Renewal-The Company believes in consistently refining its skills and embracing the new ways of doing and adapting to the change around them.
Achievement-The Company takes accountability and responsibility of its own action and sets high standards for continuous improvement.
Challenge- the Company always pushes itself to newer horizons, asks itself tough questions and delivers higher results for the organization.
Respect-The Company works openly with successful collaboration in order to seek respect from its stakeholders(Moccia, 2018).
PESTLE analysis is an external environmental analysis which helps in ascertaining the influence of Political, economic, social, technological, environmental and legal forces on the business organization.
The company has certain drawbacks here due to its home country, the Finnish government out rightly refused to help the company and gave it special bailout package in its weak days. The company was forced to get into an uneasy alliance with Microsoft which ended in the year 2016. The company lacks support from the government owing to the small size of the country. The company fails to enjoy the kind of freedom given to the Chinese or the American tech companies. At the same time, the rise of China in manufacturing of mobiles further limits the manufacturing capacity of Nokia.
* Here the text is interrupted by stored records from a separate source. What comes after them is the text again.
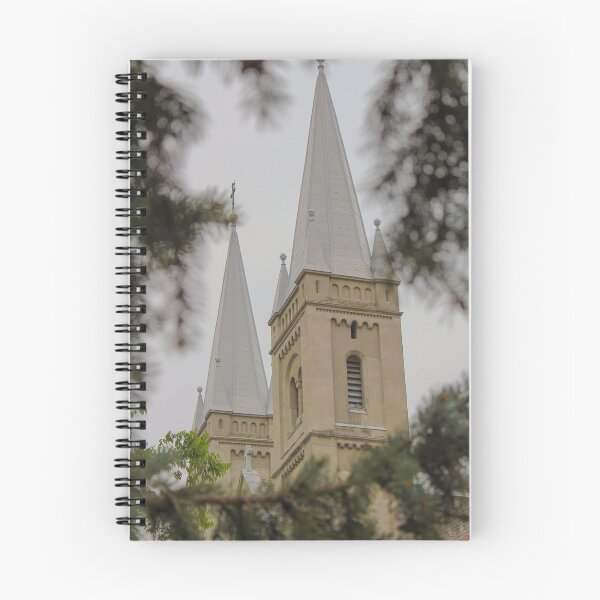 Item preview, Cathedral in Subotica, Serbia designed and sold by nikola993.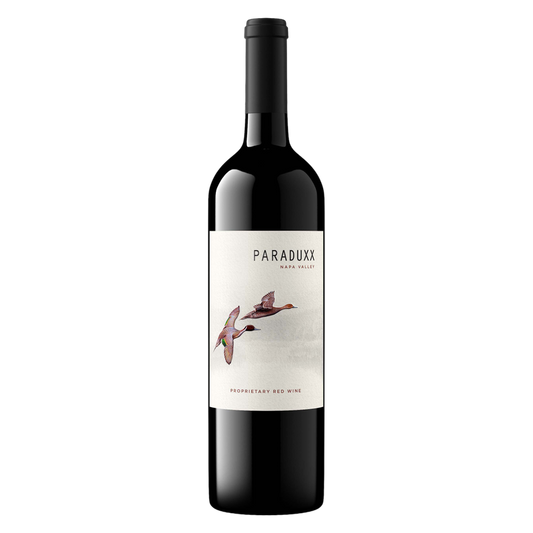 Paraduxx Proprietary Red Blend 750ml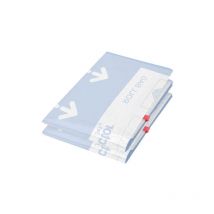 Sac de compression roll up taille m lot de 2 Compactor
This would put pressure on Nokia to move from a market of low cost labour to higher cost location such as the US. Also, a large number of countries see Nokia as more of a burden than a potential foreign investor(Verdos & Verweij, 2018).
Strategic Management Framework of Nokia
The recent economic depression in Europe created a major impact on the company, as it severely reduced the purchasing power parity of the organization which pushed the company into deeper losses. Also the company has faced a tough time in tapping the largest consumer market China, due to strong low priced competitors such as Redmi, Huawei, MI and many more. The company itself does not have strong reserves of cash to deploy into advanced research and developmental capabilities which is a big limitation for the organization(Vuori & Huy, 2016).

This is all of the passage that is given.